Sunday, June 05, 2005

Free state map comparisons

On my recent trip, I picked up from rest stops the state provided maps from Michigan, Indiana, and Ohio, bringing the total in my truck up to 18 now. I decided to compare them, starting with the best.

I didn't find a clear-cut best, but I think my favorite is 2003-2004 Maryland map. Only New Jersey's 1 inch = 4 mile scale was better than Maryland's 1 inch = 6 miles, and it folds well, but for me the deciding factor was that the Maryland one was the only one to indicate what projection was used--the Lambert conformal conic projection. (Click here for a discussion of various conic projection maps or here for mathematical formulae for the Lambert conformal conic projection.) Also, Maryland uses an odd scale bar that increments by 6 miles instead of 5 or 10. (South Carolina used a similar scale bar.) New Jersey, Pennsylvania, New Hampshire, and Indiana also provide high quality maps, all with scales bigger than 1 inch = 10 miles.

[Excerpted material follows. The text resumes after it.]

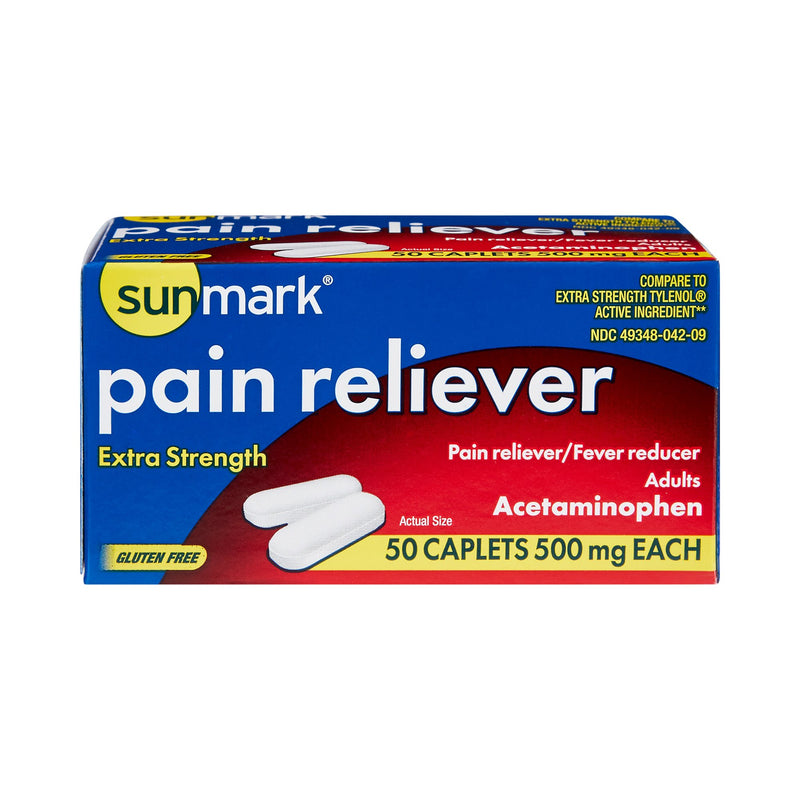 sunmark® Acetaminophen Pain Relief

The next tier with scales ranging from 10 to 15 miles per inch include Tennessee, Virginia, North Carolina, Michigan, Kentucky, Mississippi, South Carolina, West Virginia, and Illinois, all of which provide for easy navigation.

My only qualms with the Georgia and Ohio maps are they do not fold well. In order to see any of the map, you must unfold all of it; whereas the above maps fold nicely to a managable size showing just the portion of the state that you are in at the moment. Alabama's 2002-2003 map also has this problem, and I would say that the map, made by MapQuest.com, is on the wrong scale for the huge sheet of paper it's printed on. It includes enough of the surrounding area so that Memphis, Nashville, Atlanta, and New Orleans are all on the map, and while it is interesting to see the navigation lanes between the state's five protected artificial reef area forty miles out into the Gulf of Mexico, I'm not going to drive through them. Just make a larger scale map.

The only one that I would really say is substandard is my 2001 Arizona map. It has the smallest scale at 1 inch = 18 miles (yes, it is a big state with lots of area with few roads, but it also folds poorly, contains no roads outside the state's borders, and at first I thought it was made by the Best Western hotel chain instead of Arizona Office of Tourism.